US partially lifts finance sanctions on Sudan: Minister

Move will improve country’s humanitarian, business environment, Sudanese finance minister asserts

Ekip  | 03.10.2016 - Update : 04.10.2016
US partially lifts finance sanctions on Sudan: Minister Opening session of new legislative session at parliament in Khartoum, Sudan on October 3, 2016. ( Ebrahim Hamid - Anadolu Agency )

Sudan

By Mohamed Amin

KHARTOUM

The U.S. has lifted sanctions on certain bank transactions to Sudan, the Sudanese finance minister disclosed Monday.

Finance Minister Badr El-Din Mahmoud told reporters in Khartoum that the U.S. administration had informed the Sudanese government that it had lifted restrictions on making certain non-commercial bank transactions with Sudan.

The move, Mahmoud said, would serve to benefit Sudan’s humanitarian situation and business environment, both of which have been hard-hit by two decades of economic sanctions imposed by Washington.

"This decision will turn a new page… and facilitate humanitarian and individual bank transactions," the minister said.

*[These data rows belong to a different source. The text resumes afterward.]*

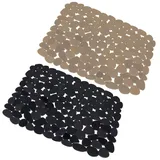 MUZHUPGUZ 2 STK Spülbeckeneinlage, PVC Spülbeckenmatte, 40x30cm Einlagen für Spülbecken Schutzmatte für Küche Bad, Kieselsteinförmige Spülbeckenschutz Abtropfmatte für Gegen Kratzer im Spülbecken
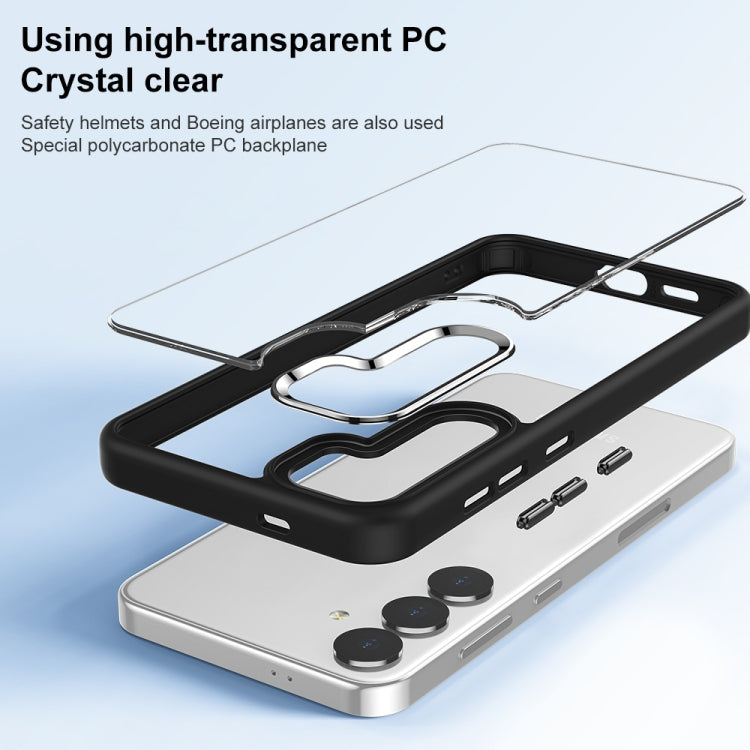 For Samsung Galaxy S24 5G Anti-fingerprint Highly Transparent PC Phone Case(Blue)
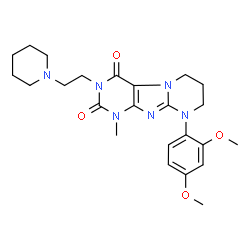ChemSpider 2D Image | 9-(2,4-Dimethoxyphenyl)-1-methyl-3-[2-(1-piperidinyl)ethyl]-6,7,8,9-tetrahydropyrimido[2,1-f]purine-2,4(1H,3H)-dione | C24H32N6O4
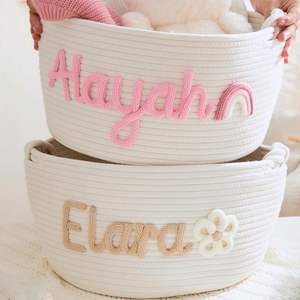Panier en corde de coton, Organisateur de rangement pour chambre d'enfant, Cadeau de naissance, Bac à jouets pour animaux de compagnie, Panier à linge personnalisé - Product Image 3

"It will also allow implementation of the commercial transactions permitted by the U.S. Treasury Department’s Office of Foreign Assets Control," he added.

"This in turn will lead to a reduction of the U.S. dollar’s value vis-à-vis the local currency," Mahmoud asserted.

The U.S. State Department on Saturday announced that Washington’s financial and economic sanctions on Sudan would not apply to non-commercial transactions, individual remittances and humanitarian aid deliveries.

The U.S. imposed economic, trade and financial sanctions on Sudan in 1997 after the U.S. State Department designated the country a "state sponsor of terrorism" four years earlier.